## THE PROBLEM
Return exactly those lines of the material below that fall between the line holding "this 1000×751 image." and the line holding "this 1270×952 image.", inclusive.

━━━━━━━━━━

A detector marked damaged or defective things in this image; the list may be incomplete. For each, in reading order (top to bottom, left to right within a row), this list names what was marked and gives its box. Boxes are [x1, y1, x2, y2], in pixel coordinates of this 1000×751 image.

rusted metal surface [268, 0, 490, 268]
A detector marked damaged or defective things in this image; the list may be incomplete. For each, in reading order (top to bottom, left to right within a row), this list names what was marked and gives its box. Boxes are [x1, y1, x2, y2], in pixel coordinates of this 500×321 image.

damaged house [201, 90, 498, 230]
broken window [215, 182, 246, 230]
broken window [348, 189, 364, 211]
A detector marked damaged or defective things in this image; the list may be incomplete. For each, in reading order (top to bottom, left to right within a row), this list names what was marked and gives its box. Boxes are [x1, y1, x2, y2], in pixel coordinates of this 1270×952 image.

━━━━━━━━━━

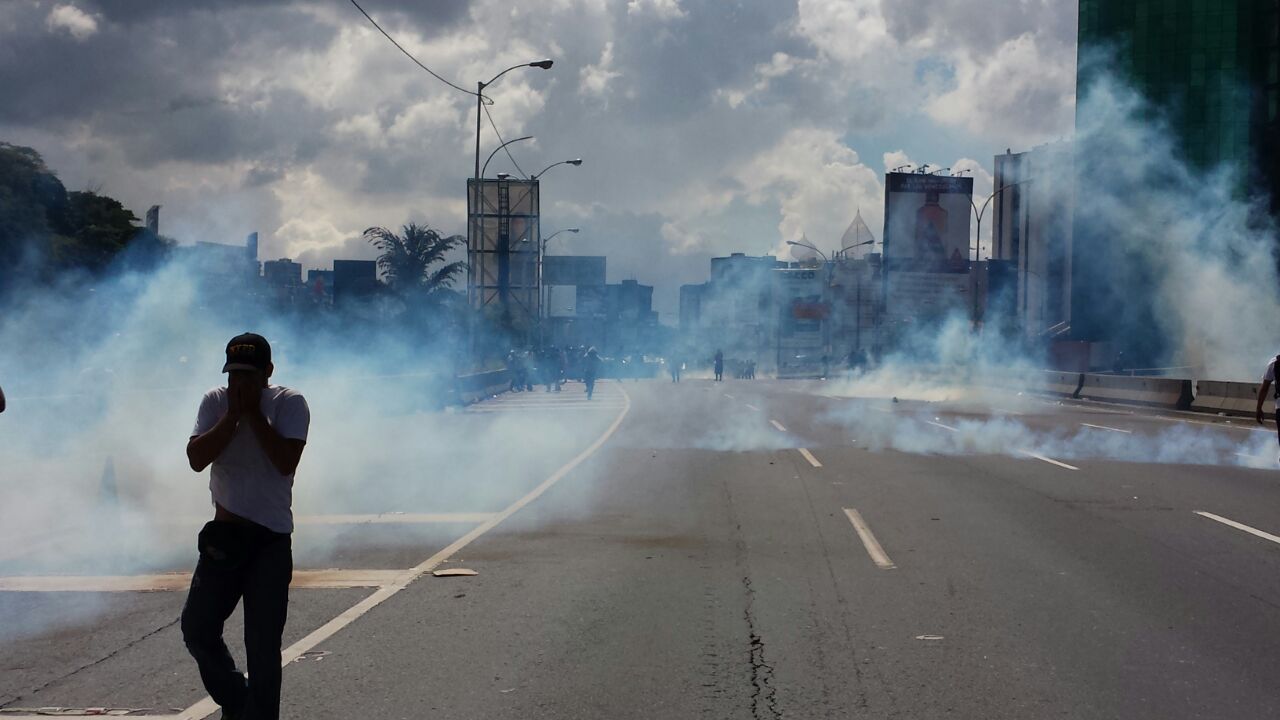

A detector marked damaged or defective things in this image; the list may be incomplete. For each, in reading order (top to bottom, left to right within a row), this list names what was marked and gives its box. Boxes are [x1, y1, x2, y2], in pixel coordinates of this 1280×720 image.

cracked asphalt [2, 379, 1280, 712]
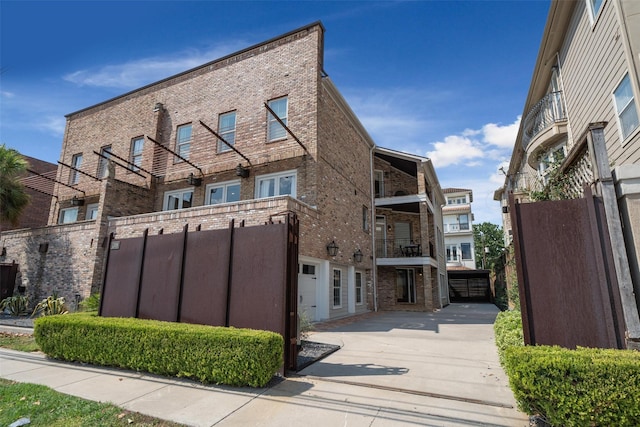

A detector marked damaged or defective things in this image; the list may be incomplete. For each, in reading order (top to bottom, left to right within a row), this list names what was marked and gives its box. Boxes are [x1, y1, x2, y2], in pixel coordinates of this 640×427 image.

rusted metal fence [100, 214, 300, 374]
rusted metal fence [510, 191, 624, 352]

━━━━━━━━━━

## RESULT BELOW
A detector marked damaged or defective things in this image; the list may be incomplete. For each, in reading order (top to bottom, left to right within a row), this list names what was marked and gives its box. Boxes are [x1, y1, x2, y2], in pixel coordinates of this 1000×751 image.

rusted metal surface [268, 0, 490, 268]
A detector marked damaged or defective things in this image; the list may be incomplete. For each, in reading order (top to bottom, left to right within a row), this list names what was marked and gives its box. Boxes are [x1, y1, x2, y2], in pixel coordinates of this 500×321 image.

damaged house [201, 90, 498, 230]
broken window [215, 182, 246, 230]
broken window [348, 189, 364, 211]
A detector marked damaged or defective things in this image; the list may be incomplete. For each, in reading order (top to bottom, left to right within a row), this list names what was marked and gives its box. Boxes are [x1, y1, x2, y2], in pixel coordinates of this 1270×952 image.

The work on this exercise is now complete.